Of the problems facing British universities, it was the prospect of Brexit more than any other — indeed, one might say to the exclusion of all others — that is exercising the vice-chancellors and managers of Universities UK. The vice-chancellor of Cambridge predicted the university’s status as a centre of research would be destroyed, and warned of a ‘Brexodus’ of EU academics.
In some institutions, staff were practically instructed to vote Remain; isolated Leavers kept their heads down, and still do. The great majority needed no telling. One of my scientific colleagues told me bluntly that some of his research funding and many of his research group came from the EU, and that was all that mattered to him. Universities have always been ivory towers, and to some extent they should be; but this issue has caused them to regard society with incomprehension and unconcealed disdain.
We should not be surprised. Our universities are international organisations that happen to be in Britain, drawing people and funding from abroad.
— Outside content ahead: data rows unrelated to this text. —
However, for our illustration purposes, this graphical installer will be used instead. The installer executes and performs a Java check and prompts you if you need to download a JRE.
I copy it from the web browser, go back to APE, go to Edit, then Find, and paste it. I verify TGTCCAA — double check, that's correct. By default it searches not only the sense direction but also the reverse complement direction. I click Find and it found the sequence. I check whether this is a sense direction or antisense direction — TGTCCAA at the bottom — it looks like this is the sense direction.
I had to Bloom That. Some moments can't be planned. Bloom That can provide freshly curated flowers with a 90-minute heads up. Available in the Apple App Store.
Is it surprising most academics put corporate interest and professional affinity before national solidarity, and turned against what they saw as an anti-foreigner vote?
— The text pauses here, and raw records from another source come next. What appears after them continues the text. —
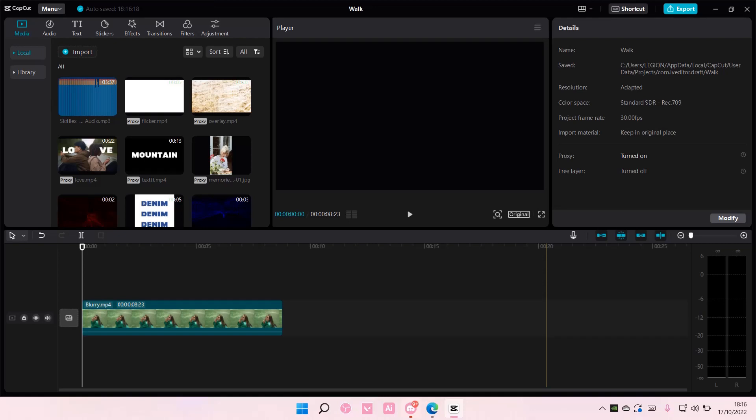Hey guys and welcome back to this channel. In this video, I'll be showing you how you can make this cool lyrics video on CapCut PC.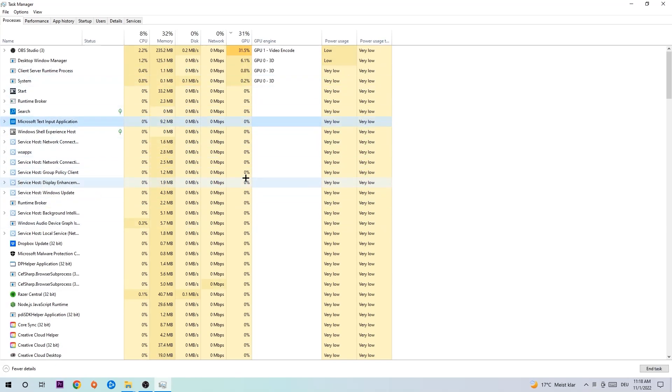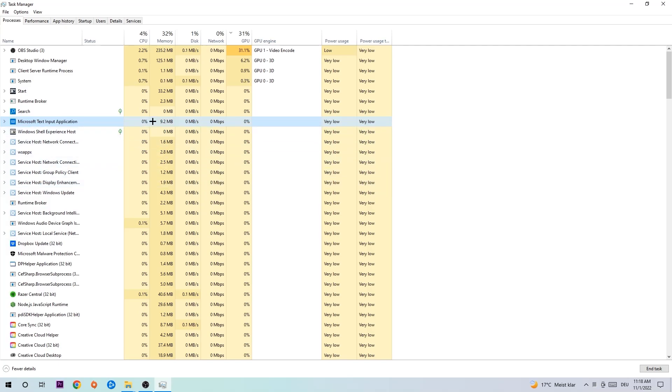Once you clicked it, type in the name of your game. If nothing pops up, it's good. If something pops up, simply right-click and end the task. Afterwards, you can exit Task Manager.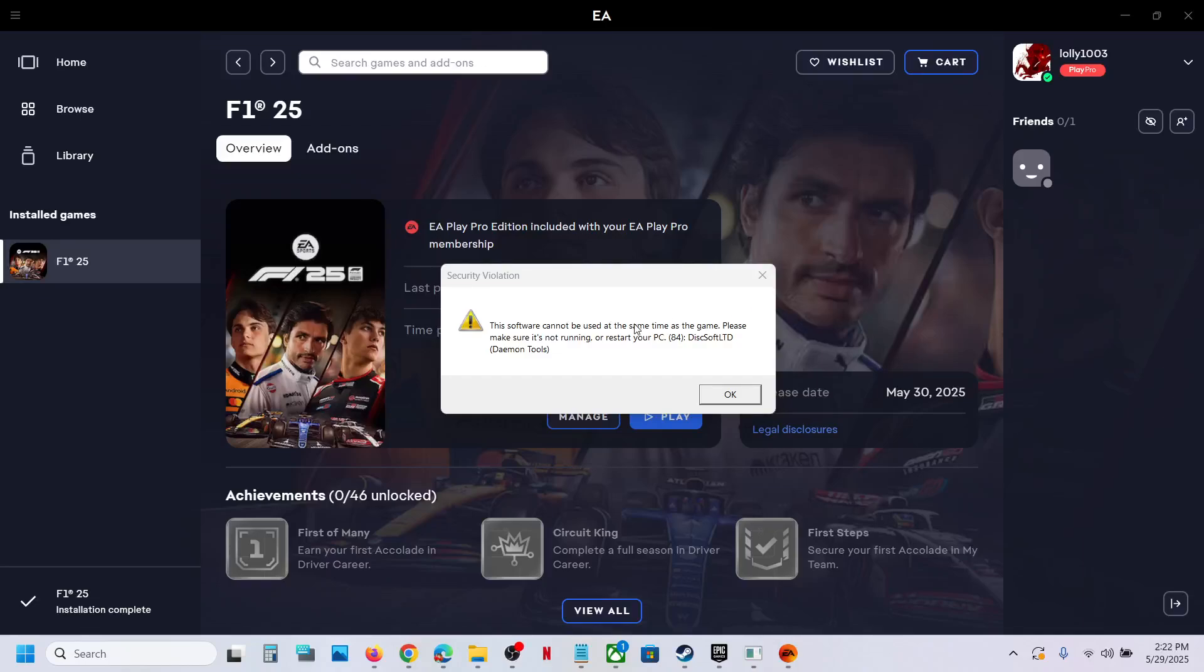Hello guys, welcome to my channel. If you are receiving this security violation error, that is this soft limited daemon tools, if you are receiving this error, then please follow the steps shown in this video.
The Leave decision and our limping progress out of the EU are therefore emotionally troubling to many academics. But ‘Brexodus’, though much heralded, seems not to be happening. The Spectator (not without effort) has extracted statistics from most universities under Freedom of Information procedures. There are doubtless complexities behind the crude figures, yet the general pattern is clear: although noticeable numbers of academics from the EU left last year, a considerably greater number — 25 per cent greater — arrived. In our larger and more international universities — including Cambridge, Edinburgh, Leeds, the LSE, Queen Mary, Liverpool, Birmingham, Manchester — the trend is even more marked: the number arriving last year was nearly two-thirds higher than the number leaving.
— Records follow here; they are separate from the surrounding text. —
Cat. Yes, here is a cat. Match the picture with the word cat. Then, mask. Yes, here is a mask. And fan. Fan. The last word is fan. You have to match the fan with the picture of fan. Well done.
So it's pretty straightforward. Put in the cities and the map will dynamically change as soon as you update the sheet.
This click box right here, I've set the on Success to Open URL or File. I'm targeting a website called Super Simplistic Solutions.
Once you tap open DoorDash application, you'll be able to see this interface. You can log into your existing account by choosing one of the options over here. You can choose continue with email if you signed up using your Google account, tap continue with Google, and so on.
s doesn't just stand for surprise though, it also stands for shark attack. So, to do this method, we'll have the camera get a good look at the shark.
The number of students from the EU has also risen. This despite negative reporting of Brexit in the Continental media, and continuing scares about EU citizens’ future status. In fact, the only nationality that is fleeing academic life is the British. So high have the financial costs of entering the profession been made for British students, so unattractive are the rewards and prospects compared with alternative careers, and so increasingly galling the burden of regulation, that only the most dedicated even contemplate research and teaching.
On top of already accumulated undergraduate debt, it costs a British student up to £35,000 in fees alone to complete a PhD, the basic qualification for an academic career, and not all of it will be covered by (highly competitive) scholarships. It costs a French doctoral student about £1,200 in fees, and a German nothing at all. Consequently, British PhD students and postdoctoral researchers are an endangered species.
The personnel problem facing British universities is not ‘Brexodus’: it’s that academic careers have been made so unattractive. Our capacity to attract the best brains depends on universities in other countries remaining even worse. Will they forever?
Robert Tombs is professor of French history at St John’s College, Cambridge. He is the author of The English and Their History.